Literacy was highly prized in ancient Egypt and was a sure guarantee of a significant position in the state administration. Given the vast number of inscribed temples, tombs, and statues that were a part of the landscape of ancient Egypt, it is surprising that literacy was relatively uncommon in ancient Egypt. Counting the occurrence of titles found in tombs associated with writing and extrapolating from these, it seems that a very low percentage of Egypt’s population was literate.
The percentage of literate people in Egypt changed over time, with a presumed increase in literacy occurring from the Early Dynastic to the Late Period. However, when calculating basic literacy, one must remember that the degree of literacy varies: some people might have been more adept at reading than writing, or vice versa (although this is more unusual), and some could perhaps do both, but at a rudimentary level, while others could merely sign their names. The titles associated with literacy skills implied a higher level of literacy than the minimum level of competence (i. e., to sign or recognize one’s name). A higher level of literacy was a prerequisite for those who wished to hold a significant position in the Egyptian bureaucracy. Titles—such as scribe, overseer, doctor, or priest, and so on—described those who were fluent in reading and writing, as well as numeracy.
There were possibly a significant number of individuals, such as itinerant professional letter writers, who were literate, but left little trace of their presence in the archaeological record. For example, the letters to the dead inscribed on papyri, or ostraka, and pottery vessels, might have been written by professional letter writers, such as are found in Africa and the Middle East today. Such people might have helped provide services for the illiterate, but might not have had the wherewithal to own rich inscribed tombs, and thus remain unmarked in the archaeological record. It has been suggested, however, that such services might have been rendered by low-level priests.
The site of Deir el-Medina, a Theban village, home of the New Kingdom workmen who carved and decorated the royal tombs in the Valley of the Kings, is a rich source of inscribed material. Evidence from the site indicates that many draughtsmen, quarrymen, and carpenters were literate. However, this village of artisans might have been the exception rather than the rule. At this point, evidence from other well-preserved workmen’s villages, such as the one at Tell el-Amarna, or the Middle Kingdom village of Lahun, does not provide parallels in the literacy levels or the inscribed finds of Deir el-Medina.
An increase in literacy over the course of Egyptian history might, in part, be due to the evolution of the language, as well as the composition of the population. In earlier Egyptian history (Old Kingdom), literacy was rare. The formulaic manner in which standard inscriptions (especially funerary) were expressed may suggest that many texts are derived from the oral tradition and could have been, with an initial prompting, “read,” or at least recognized by a large portion of the population. The discoveries of schoolchildren’s practice texts seem to indicate an increase in scribal schools after the First Intermediate Period. As the number of people to whom education became accessible increased, the literacy level rose. In the later part of Egyptian history—when demotic, the common cursive script, was used—it is quite probable that more members of the population were literate. Certainly, the amount of graffiti from the later periods of Egyptian history would support this, as the earlier graffiti consists primarily of crude petroglyphs, or vignettes virtually unaccompanied by text, while from the Late Period onward there is an increase in verbal graffiti. In fact, the largest number of texts are written in demotic; however, this might be due to an accident of archaeological discovery and preservation rather than to any real reflection of the amount of written material present at any one time.
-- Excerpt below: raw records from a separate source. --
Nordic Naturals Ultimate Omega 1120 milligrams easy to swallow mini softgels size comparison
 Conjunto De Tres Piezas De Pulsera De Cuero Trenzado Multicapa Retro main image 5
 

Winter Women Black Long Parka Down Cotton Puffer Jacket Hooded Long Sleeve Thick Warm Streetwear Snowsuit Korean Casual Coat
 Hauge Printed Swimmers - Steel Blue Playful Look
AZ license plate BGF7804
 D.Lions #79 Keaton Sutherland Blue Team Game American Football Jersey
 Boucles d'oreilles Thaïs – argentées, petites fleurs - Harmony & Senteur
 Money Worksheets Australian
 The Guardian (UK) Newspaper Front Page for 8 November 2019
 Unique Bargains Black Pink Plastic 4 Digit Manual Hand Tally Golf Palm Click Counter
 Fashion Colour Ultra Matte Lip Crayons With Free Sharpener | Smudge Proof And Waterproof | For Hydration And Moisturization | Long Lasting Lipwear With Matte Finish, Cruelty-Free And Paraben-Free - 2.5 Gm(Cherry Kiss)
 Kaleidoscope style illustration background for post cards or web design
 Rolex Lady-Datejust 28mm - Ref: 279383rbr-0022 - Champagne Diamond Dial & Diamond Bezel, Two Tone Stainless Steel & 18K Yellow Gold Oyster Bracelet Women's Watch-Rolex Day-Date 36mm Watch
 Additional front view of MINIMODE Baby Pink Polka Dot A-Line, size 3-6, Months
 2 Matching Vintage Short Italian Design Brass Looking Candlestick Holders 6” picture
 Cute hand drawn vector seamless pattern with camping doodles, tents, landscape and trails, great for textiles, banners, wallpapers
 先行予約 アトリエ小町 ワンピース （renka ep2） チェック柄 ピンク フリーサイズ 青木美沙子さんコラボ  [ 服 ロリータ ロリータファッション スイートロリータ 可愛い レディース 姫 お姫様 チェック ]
The number of literary genres increased and diversified with time. It is unusual, however, that virtually no inscribed papyri (other than religious works such as the Book of the Dead) have been found in tombs. Given our knowledge that intact Egyptian tombs contained all that the living presumed the dead might need in the afterlife, it seems reasonable to assume that tombs might have contained works of fiction for light relief, or examples of the improving didactic literature of which the Egyptians were so fond. The majority of literary texts that have been recovered from ancient Egypt come from fragments found in temple areas and at town sites.
Both men and women were literate, although the majority of literate individuals were men. Despite the fact that elite women were literate, few held high positions in the bureaucracy (with the notable exception of the priesthood, which did employ female priests). Royal women and many noble women and priestesses were, presumably, able to read and write. In Egyptian literature, some women are depicted as being literate, and a major divinity and the patroness of writing is a goddess, Seshat. In general, women’s literacy might have been of a more rudimentary nature than that of men. However, the evidence gleaned from many demotic documents suggests that nonelite women who managed their own properties, as well as those of their male family members when they were absent, were literate. A significant amount of the evidence of female literacy, especially from the nonelite classes, comes from Deir el-Medina. However, there is little evidence of schools where women were commonly pupils; thus it is possible that women were taught literacy skills in temples.